My trip down a rabbit hole in pursuit of understanding Python

As a resident of Pennsylvania, I was curious about the distribution of votes for US President across geography (e.g. rural-PA compared with urban-PA) as well as vote modality (e.g. in-person compared with by-mail.) I understood that it would take at least a few days after the election to count votes cast by mail, and it was suggested by analysts that Trump supporters would be represented at a higher relative rate during in-person voting. I was quite surprised by the frequency and format of reporting over the coming days, though. At 10:33am on 11/6/20, I calculated that Biden required approximately 61% of the remaining votes to pull ahead of Trump in Pennsylvania. I took some notes during the day between tasks:

10:33am, 540 votes were reported and Biden won 49% of them;  I got on a conference call.  11:02am, 73 votes were reported and Biden won 81% of them;  I got on another conference call.  11:51am, 18,295 votes were reported and Biden won 88% of them;  I made a telephone call.  11:59am, 123 votes were reported and Biden won 50% of them.  I thought, "What the hell kind of system are we running here?"

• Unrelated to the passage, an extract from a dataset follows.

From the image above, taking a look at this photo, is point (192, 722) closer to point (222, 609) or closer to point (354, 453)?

Around lunchtime, I shared observations with my brother, and he asked about how I was pulling the data. It occurred to me that, since helping establish an insurtech startup, Insurance Skout, some years earlier, I have been interested in learning how to automate processes, gather data, and create cool visualizations. Yet I never took the time to invest into this learning.

And so begins my brief journey down the rabbit hole of Python. I never took a computer science class or learned programming, other than a simple and amateur effort to learn LPC for text-based video game development in high school. I thought I would invest a few hours into learning this programming language. The experience has been super interesting. I expected it would be a challenge to learn the language and syntax of the applications; I hoped I could learn enough over a pair of weekends to develop a sense of the language, grab data via API, and then conduct some analysis and visualizations of the data. So, my partially read books continue to be partially read; I invested some time over these past two weekends into a Python for Dummies book and a few Youtube videos.

Where to start

After reviewing the cursory Python for Dummies introduction and Youtube videos, I considered areas I might be curious about, which include the following:

  • Insurance or health care data (as a result of my business)
  • Financial markets data (as a result of personal interest in markets)
  • Weather data (as a matter of curiosity)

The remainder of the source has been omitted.